Secondly, as already pointed out in this thread, I think you're somewhat overlooking the fact that many stats are expressed as the "fastest to X". Fastest to 1000 points, fastest to 500 goals, fastest to 250 wins, and so on. Chasing 50 in 50 is really another way of seeing how fast a player can get to 50 goals. And I think there's a bit more of a romance to it in particular because scoring 50 has become an iconic target round number that defines elite goal scorers more than any other statistical benchmark defines any other player type. Scoring your 58th or your 63rd or whatever to complete a stretch of 50-in-50 just doesn't have the same cachet.

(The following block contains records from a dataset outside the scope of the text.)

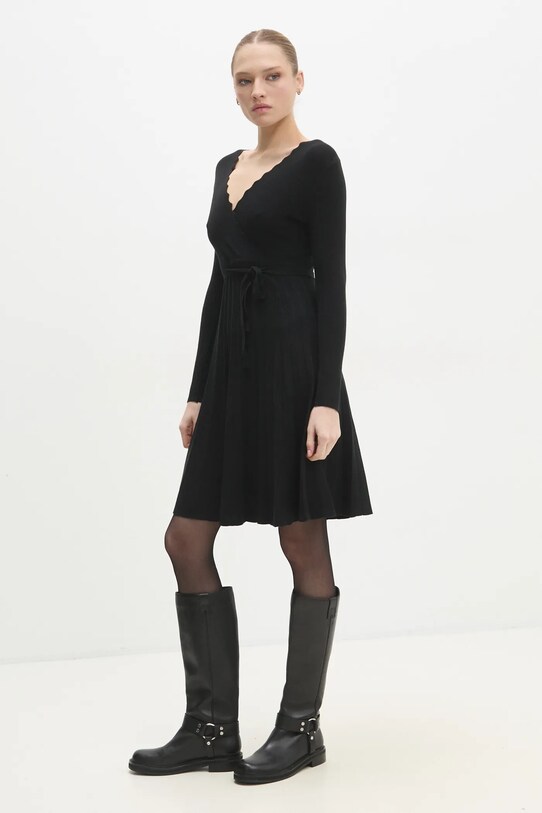 Answear Lab rochie 5159.HWK negru WW25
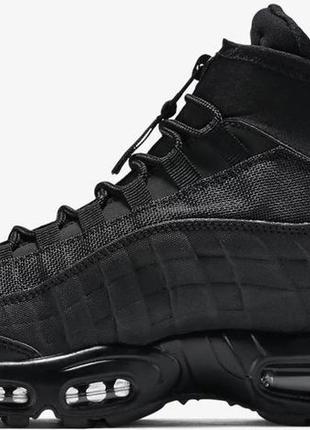 Кроссовки nike air max 95 sneakerboot triple black - 806809-0022 фото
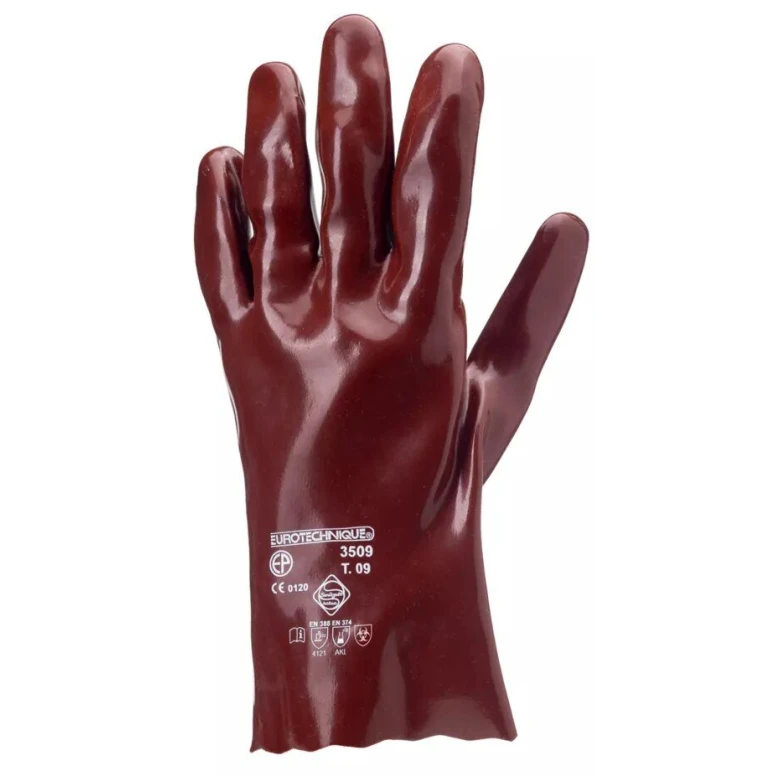 10 Paar - Arbeitshandschuhe Coverguard aus PVC Eurochem MO3510 Chemisches Risiko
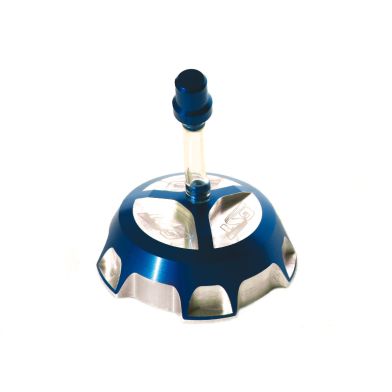 Bouchon de réservoir CNC GUNSHOT - Bleu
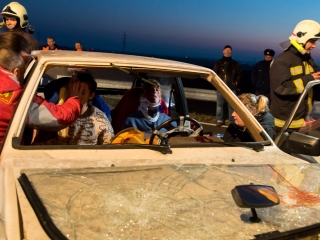 Katasztrófavédelmi gyakorlat - fotó: Ónodi Zoltán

As for your claim that no other meaningful stat is tracked from the start of a season, I think you're very much overestimating the importance placed on all split stats relative to seasonal stats. Every "single season" stat is tracked from the start of a season, and even among sophisticated observers like the participants on this forum those stats probably make up a significant majority of the inputs for player ratings.
I think there is a fundamental difference in the typical fan's imagination for year-to-date numbers than for midseason splits. Even in an age with access to exponentially more information, there are far fewer people going to NHL.com and choosing segments between specific dates than there are just looking up the current statistical leaderboards. Many players have had hot or cold streaks towards the middle or end of a year while largely escaping notice in the wider hockey world because it mostly blends into their overall season totals. My impression of awards voting for NHL history in the pre-Internet era is that the recipients were usually effectively determined well before the end of the season, because people had been checking the scoring charts on a regular basis for the entire season and that was reinforcing certain narratives about the players, and you pretty much had to pore over newspaper box scores with a calculator if you wanted to get any kind of split stats beyond the official tables. You can argue that this is something of a blind spot, that it is really an artifact of availability bias, that goals and wins count the same whether it is game 1 or game 82, and I'd say you wouldn't even be wrong. But again I'm not sure I'd call it arbitrary.
The last reason that I'm less comfortable handwaving this all away, on the History forum specifically, is that players have highly prized hitting that benchmark. I watched a bunch of Mike Bossy interviews, for example, and it's obvious that he really, really wanted to score 50 in 50. He considered that to be a notable achievement, so much so that I think it throws a lot of doubt on your narrative of the historical evolution of that standard.
Of course you could say that the players only cared because it got unreasonably and undeservingly hyped up, but you can say that about a lot of things that people value ("Why do a bunch of grown men and entire cities full of sports fans care about a silly silver cup?"). This has probably been reduced somewhat in the last 40 years, perhaps as the target seemed less attainable, but if lots of people view something as important than I think you have to at the very least interpret their behaviours accordingly.
I personally don't make any distinction between the first 50 games and any other 50 game stretch, Auston Matthews is on a historically significant goal scoring tear this year by any relevant standard. Yet at the same time, I think I can sort of understand the reasons why others might.